How to talk to a person who supports Donald Trump

December 9, 2015

Donald Trump’s proposal to screen all Muslims in the U.S. has drawn considerable backlash from liberals and conservatives alike. Journalists, bloggers, politicians, and religious leaders have condemned Trump’s plan and argued that it is inconsistent with core American values such as equality and religious freedom. They argue, rightly, that Trump’s comments are definitive proof that he shouldn’t be president. Really, he shouldn’t be anywhere near the presidency. He shouldn’t even be allowed to watch The West Wing.

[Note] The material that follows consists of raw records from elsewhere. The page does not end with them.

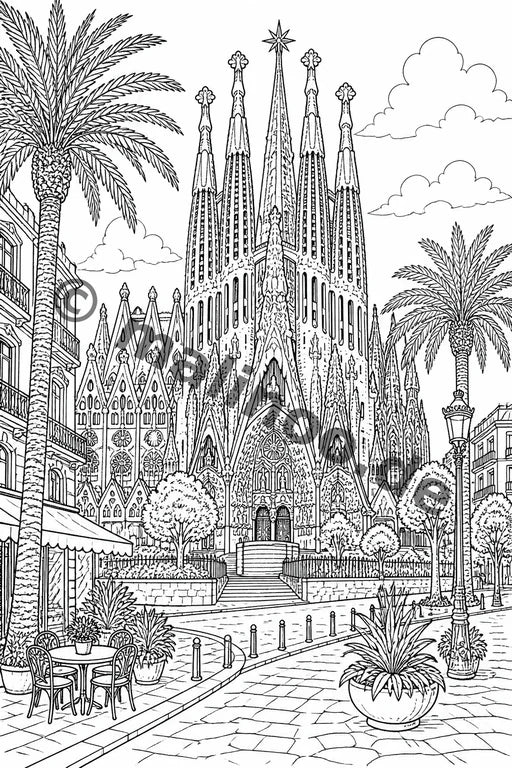 Europa Malbuch 20 Ausmalbilder PDF Download – Vorschaubild 3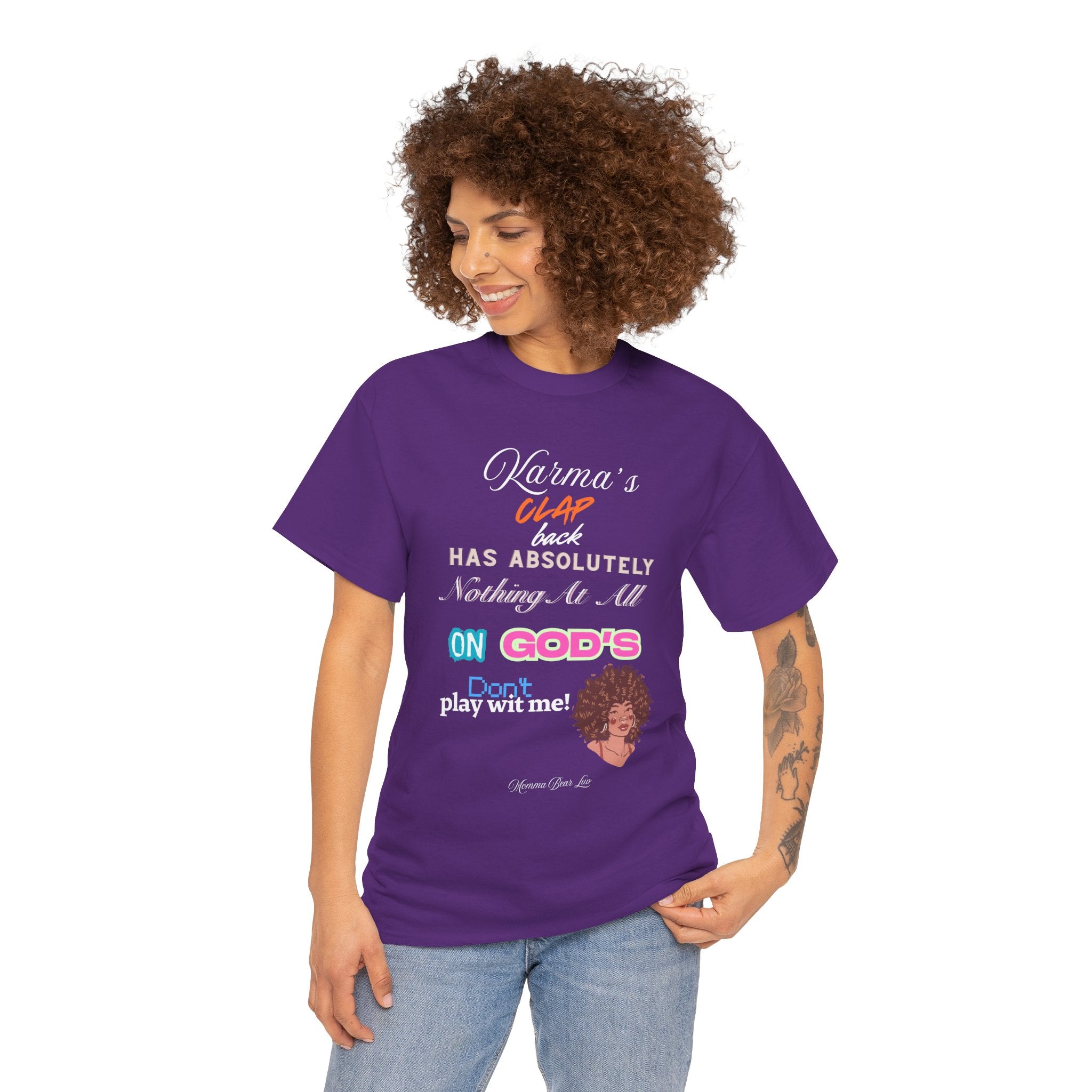 God's Clap Back Tees - S - 5X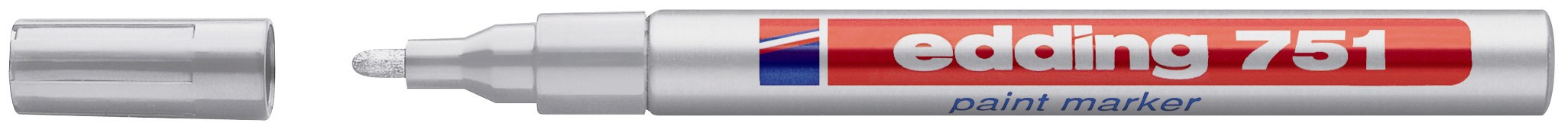Marker lakierowy Edding 751 okrągły srebrny iglowy 0,8mm
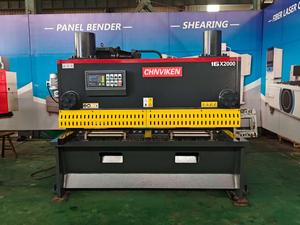 Cisaille hydraulique industrielle CNC QC12K pour tôles d'acier/aluminium avec protection <span class=keywords><strong>de</strong></span> sécurité, moteur et PLC entièrement intégrés - Product Image 6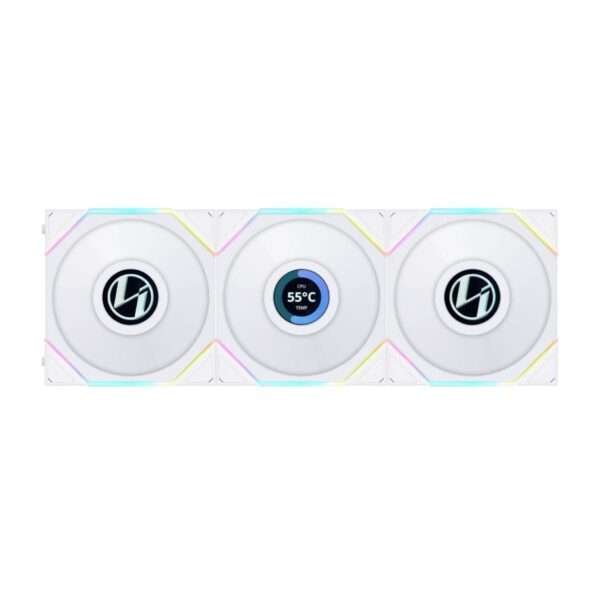 Lian Li UNI FAN TL120 Reverse Blade Case Fan - Triple Pack with Controller (White) 1
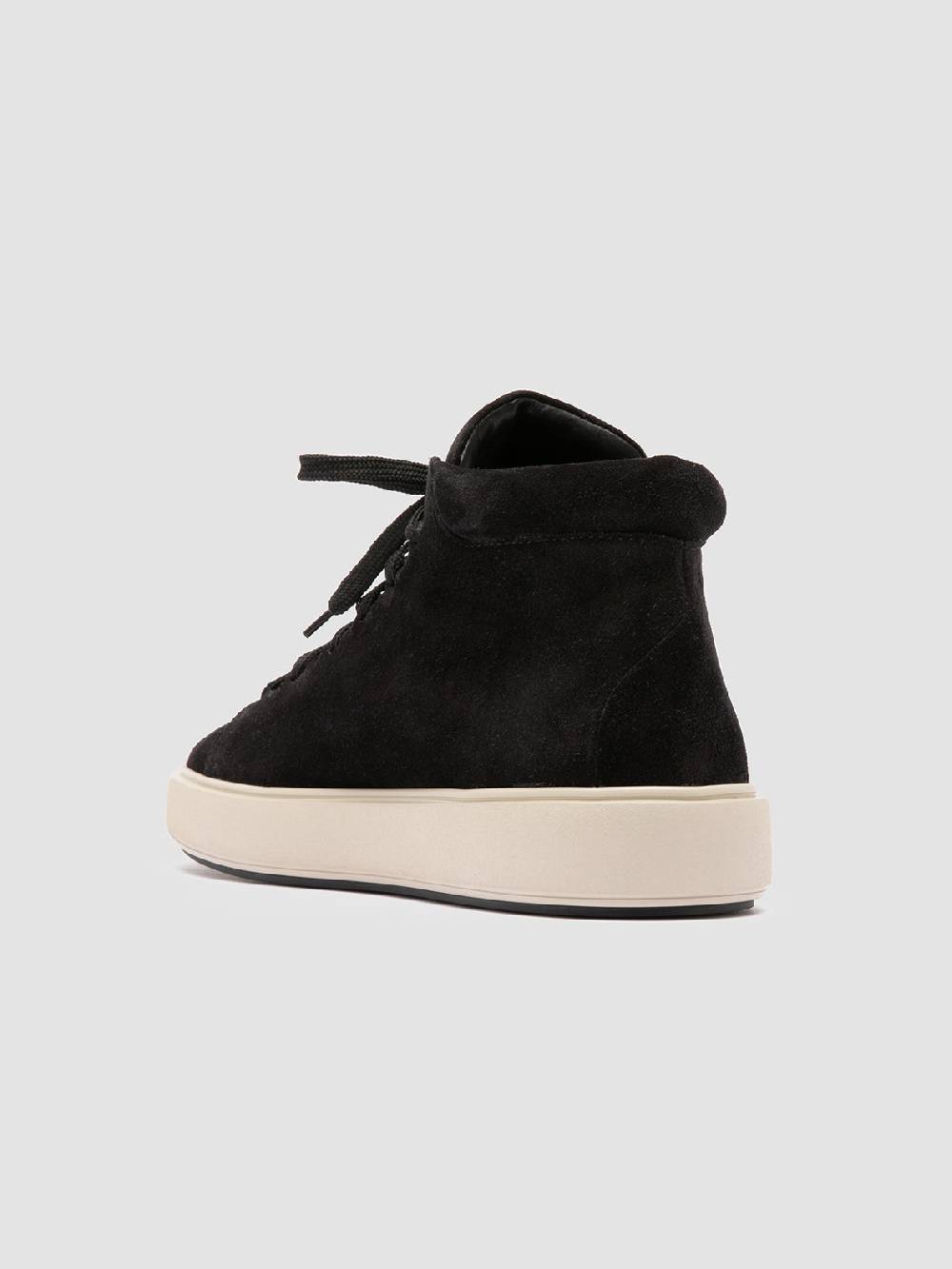 Officine Creative REMASTER 002 Sneaker Alte in Pelle Scamosciata Nera Fino al 55% di sconto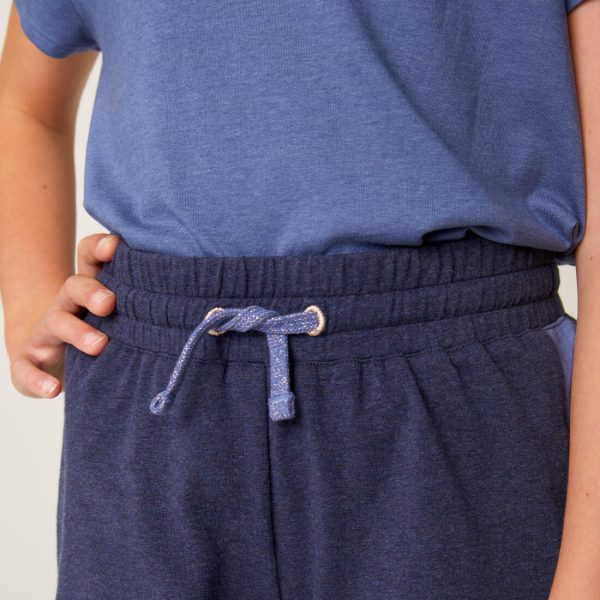 Girls  Cotton Shorts - Blue For Sale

This criticism is justified and necessary, but it is unlikely to be heard by those most drawn to Trump’s rhetoric. There is something valid about the frequent comparisons made between Trump’s (and others’) anti-Islamism and racist analogues like Nazi anti-Semitism or Japanese internment in mid-century America. But people who are wary of Islam will dismiss them as a misunderstanding of their concerns. 

Here’s why: Islam is not an ethnicity. It’s not a race. It’s not something you’re born with and stuck with for your whole life. We can argue about what a religion is, but Islam is at the very least a system of ethical commitments. Unlike being Japanese or being ethnically Jewish, being Muslim is a way of life that can voluntarily be adopted or abandoned.

Trump’s supporters will be quick to insist that Islam involves ideological convictions, and these convictions could—in theory— be dangerous to American society. These Trump supporters might agree that discrimination based on skin color or nationality is wrong while maintaining that we can and ought to discriminate based on ideology. We do, after all, put revolutionary anarchists on watchlists because they hold beliefs that if acted upon could threaten America. It makes sense at some level, then, to ask whether the ethical commitments that comprise a belief system like Islam are threatening in a similar way.

These proponents of anti-Islamic rhetoric are correct in thinking that commitment to Islam—unlike ethnic Jewishness, Japanese heritage, or blackness—intrinsically involves ideas. They are also correct in thinking that ideas have consequences, that we are responsible for our ideas, and that ideas deserve critical scrutiny rather than blanket toleration. 

Where Trump and his supporters are incorrect is in failing to distinguish between different varieties of Islam. They incorrectly infer that small radical factions are representative of Islam. To put it bluntly—Trump’s comments aren’t wrong because they’re racist, they’re wrong because they’re wrong.

All I’m saying is, if we accuse those propounding anti-Islamic legislation of being racists, they will say, “You’re not listening to my point.” Even if we suspect that their anti-Islamic sentiment is rooted in anti-Arab prejudice (it might be) or that their proposed plans for screening Muslims will lead to anti-Arab discrimination (it definitely would), we ought to try to understand and engage their concerns on their own terms. Only then could we persuade them that providing a welcoming home for Muslims is a key part of making America great again.